You are viewing a plain text version of this content. The canonical link for it is here.

Posted to dev@manifoldcf.apache.org by "Maciej Lizewski (JIRA)" <ji...@apache.org> on 2012/11/13 14:08:24 UTC

[jira] [Created] (CONNECTORS-567) Extended seeding interface which provides document versions

Maciej Lizewski created CONNECTORS-567:
------------------------------------------

             Summary: Extended seeding interface which provides document versions
                 Key: CONNECTORS-567
                 URL: https://issues.apache.org/jira/browse/CONNECTORS-567
             Project: ManifoldCF
          Issue Type: Wish
            Reporter: Maciej Lizewski


There are some cases when seeding function can provide document version with data it already has.
Current data flow needs one call to addSeedDocuments, then call to getDocumentVersions, which essentialy must fetch same data, and after that one more call to processDocuments. The last one probably needs separate call because it needs to fetch document body, however seeding and getting versions in many cases work on very same data (and probably duplicating requests to repository).

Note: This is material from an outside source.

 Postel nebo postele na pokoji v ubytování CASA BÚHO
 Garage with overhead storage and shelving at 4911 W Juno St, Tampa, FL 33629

Now - reducing number of needed request to repository by eliminating getDocumentVersions call for document which have version returned by addSeedDocuments could significantly reduce load.

getDocumentVersions would still be called for older docuemnts (not returned by addSeedDocuments) to check if they were modified or deleted.

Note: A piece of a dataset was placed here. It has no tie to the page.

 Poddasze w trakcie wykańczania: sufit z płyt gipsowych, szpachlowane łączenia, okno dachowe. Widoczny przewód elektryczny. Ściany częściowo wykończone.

This is only proposition...

--
This message is automatically generated by JIRA.
If you think it was sent incorrectly, please contact your JIRA administrators
For more information on JIRA, see: http://www.atlassian.com/software/jira

[jira] [Commented] (CONNECTORS-567) Extended seeding interface which provides document versions

Posted by "Karl Wright (JIRA)" <ji...@apache.org>.

    [ https://issues.apache.org/jira/browse/CONNECTORS-567?page=com.atlassian.jira.plugin.system.issuetabpanels:comment-tabpanel&focusedCommentId=13497916#comment-13497916 ] 

Karl Wright commented on CONNECTORS-567:
----------------------------------------

There are a number of connectors that need to do version checks across many threads, not just one, which is why I originally designed the connector interface the way I did.

I could imagine supporting both models, however.  The IxxxActivity interfaces were invented to allow the crawling model to be extended without breaking existing connectors.  All you would have to do (in theory) to support something like what you are talking about would be to add a new ISeedingActivity method that would record not only a document's discovery, but also its version information.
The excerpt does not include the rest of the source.